▶ _Problem description_
The output should be the listing below, limited to the lines from the one with "The Essential Collection , Fats Waller" through the one with "CONTES MAGNÈTICS: LA", exact and without pictures.

▶ _Input data_

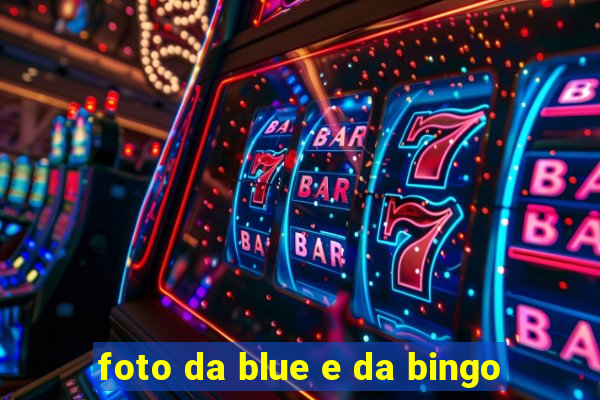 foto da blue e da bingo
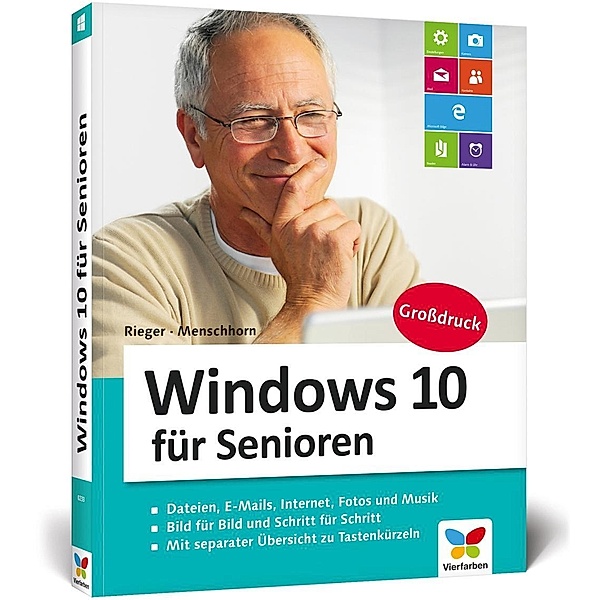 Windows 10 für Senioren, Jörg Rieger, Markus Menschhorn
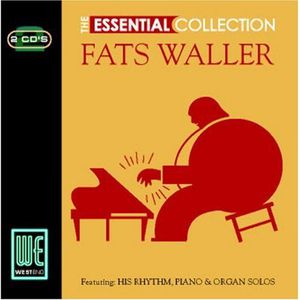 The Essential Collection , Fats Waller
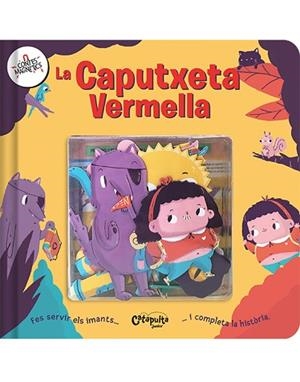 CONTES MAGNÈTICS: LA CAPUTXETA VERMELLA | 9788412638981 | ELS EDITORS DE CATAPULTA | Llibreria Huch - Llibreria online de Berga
==
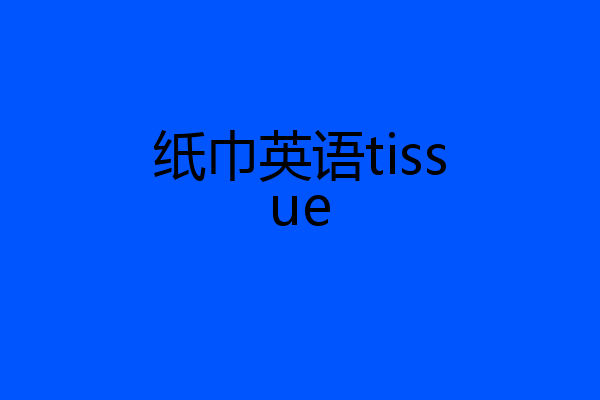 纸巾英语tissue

▶ _Solution for this problem_
 The Essential Collection , Fats Waller
 CONTES MAGNÈTICS: LA CAPUTXETA VERMELLA | 9788412638981 | ELS EDITORS DE CATAPULTA | Llibreria Huch - Llibreria online de Berga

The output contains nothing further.